The task
Below are entries. Give back exactly the lines from the one containing "Building Photo - 2101 Shoreline Dr" through the one containing "Nieuwe originele Uzurii", inclusive, without the pictures.

══ Recorded information ══

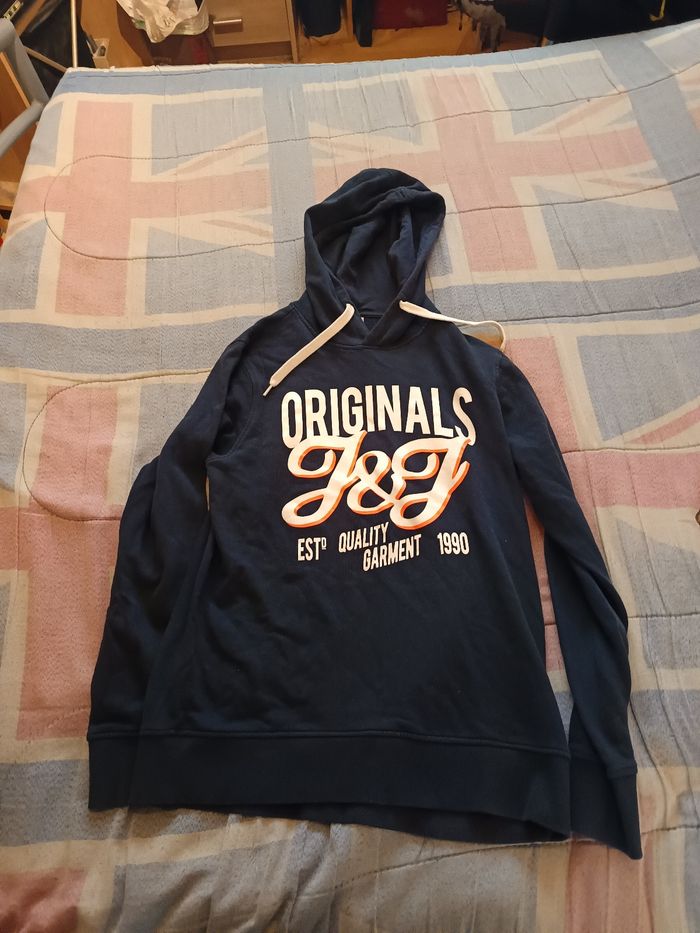 Sweat à capuche j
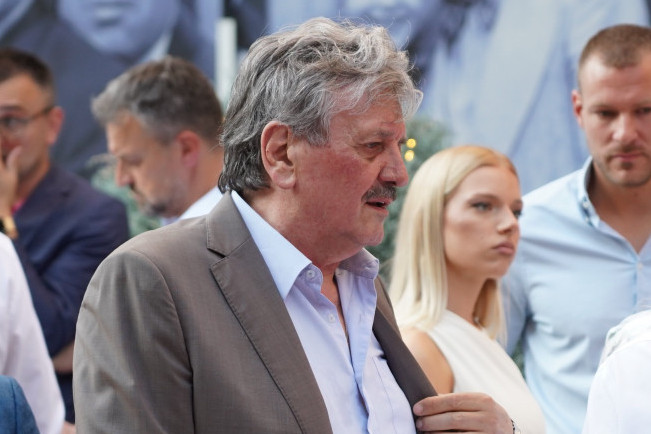 Radoš Bajić pustio brkove kao Radašin iz serije "Selo gori, a baba se češlja"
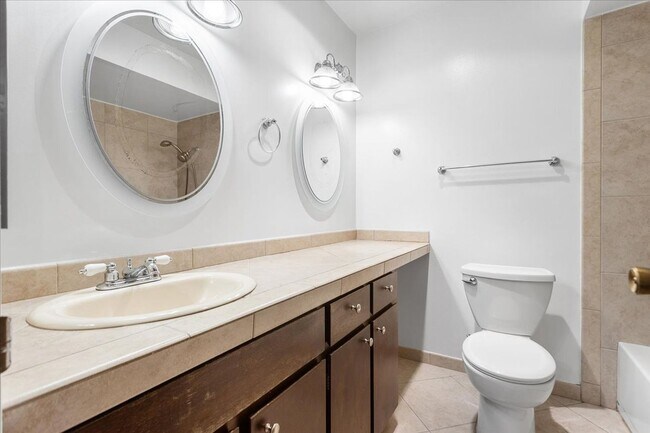 Building Photo - 2101 Shoreline Dr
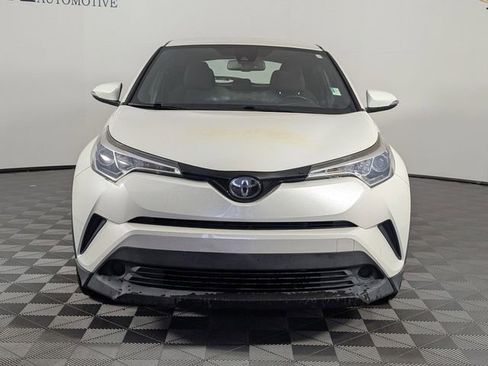 Used 2019 Toyota C-HR XLE FWD image 3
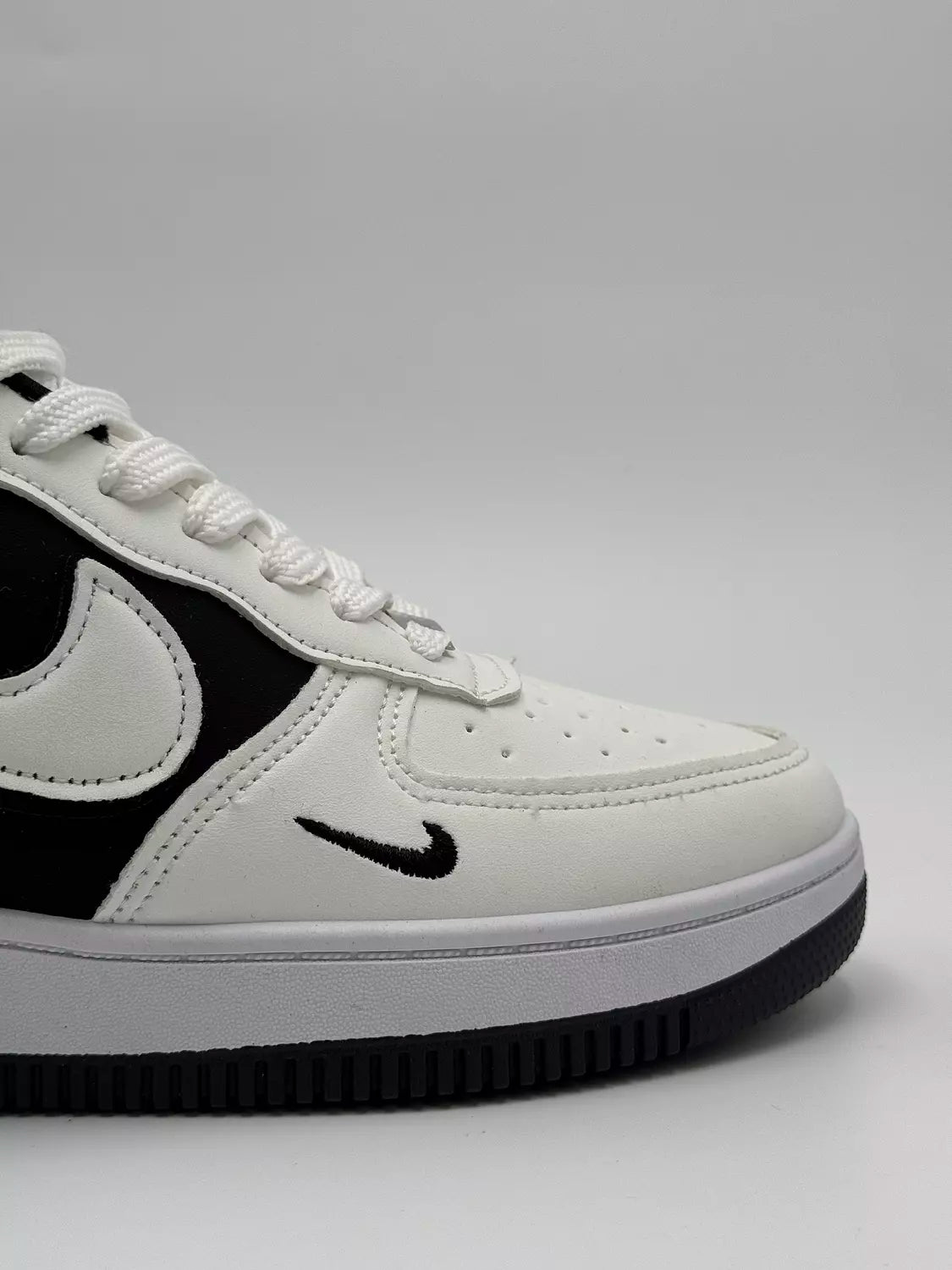 Nike Air Force 1 "Panda" (B)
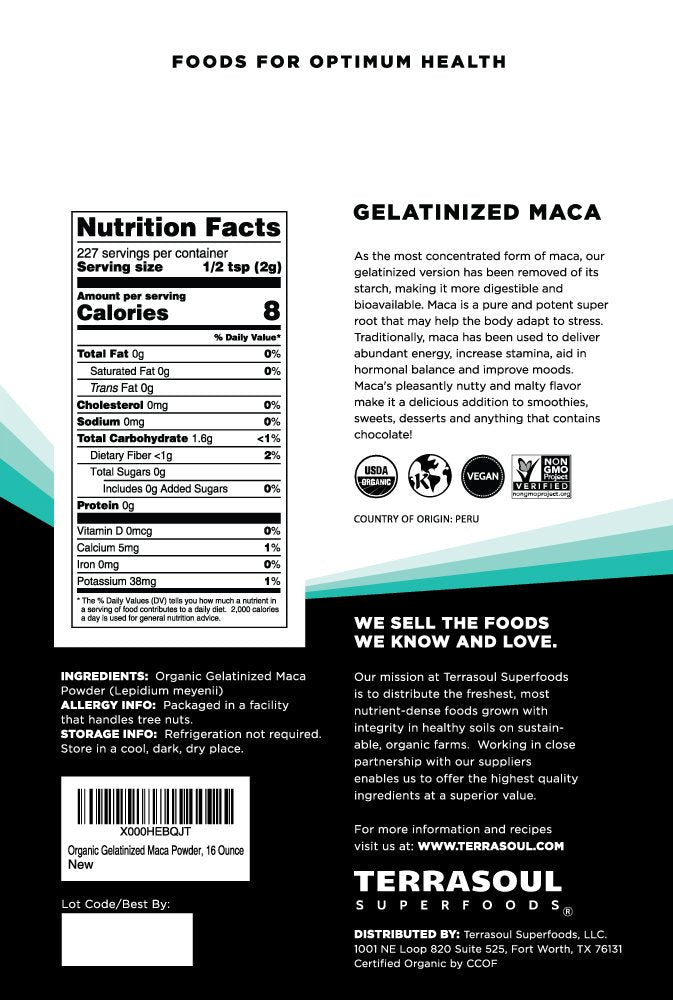 Terrasoul Superfoods maca en polvo en cuchara destacando textura fina y mezcla fácil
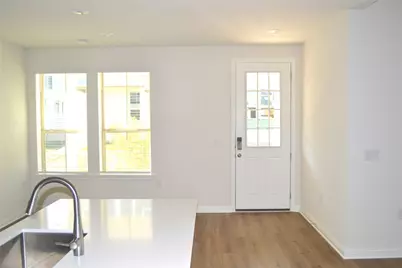 8205 Springsteen Drive #308, Austin, TX 78744 - Photo 9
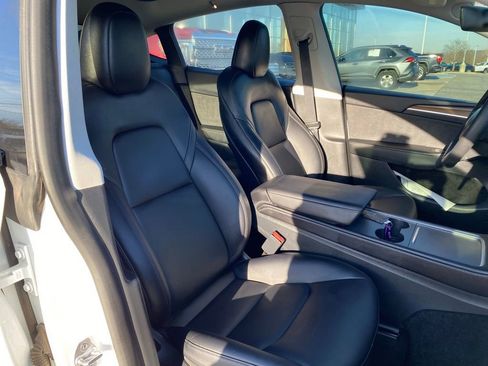 Used 2023 Tesla Model Y Long Range image 31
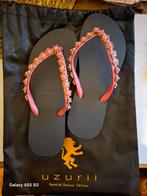 Nieuwe originele Uzurii Slippers Zwart Roze met bloemetjes, Kleding | Dames, Ophalen, Nieuw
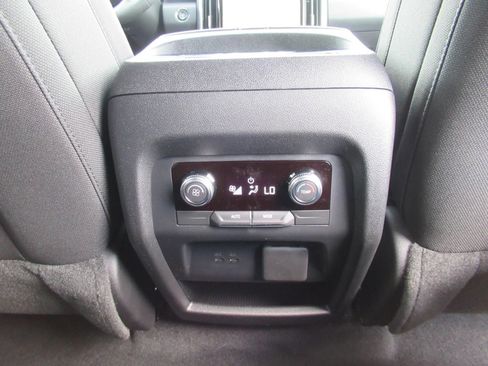 New 2026 GMC Acadia Elevation FWD image 31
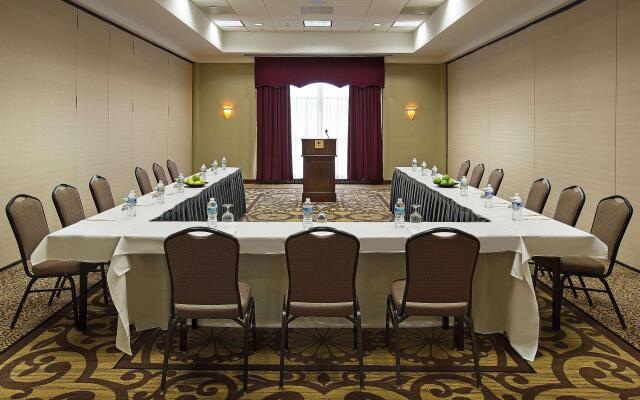 DoubleTree by Hilton Charlotte Airport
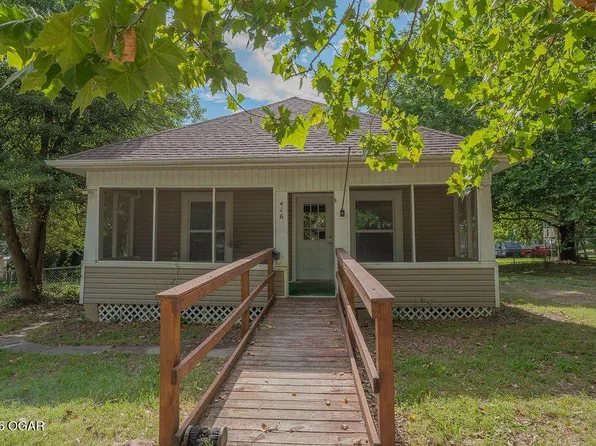 416 N Cass St, Carterville, MO 64835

═══

Reply
 Building Photo - 2101 Shoreline Dr
 Used 2019 Toyota C-HR XLE FWD image 3
 Nike Air Force 1 "Panda" (B)
 Terrasoul Superfoods maca en polvo en cuchara destacando textura fina y mezcla fácil
 8205 Springsteen Drive #308, Austin, TX 78744 - Photo 9
 Used 2023 Tesla Model Y Long Range image 31
 Nieuwe originele Uzurii Slippers Zwart Roze met bloemetjes, Kleding | Dames, Ophalen, Nieuw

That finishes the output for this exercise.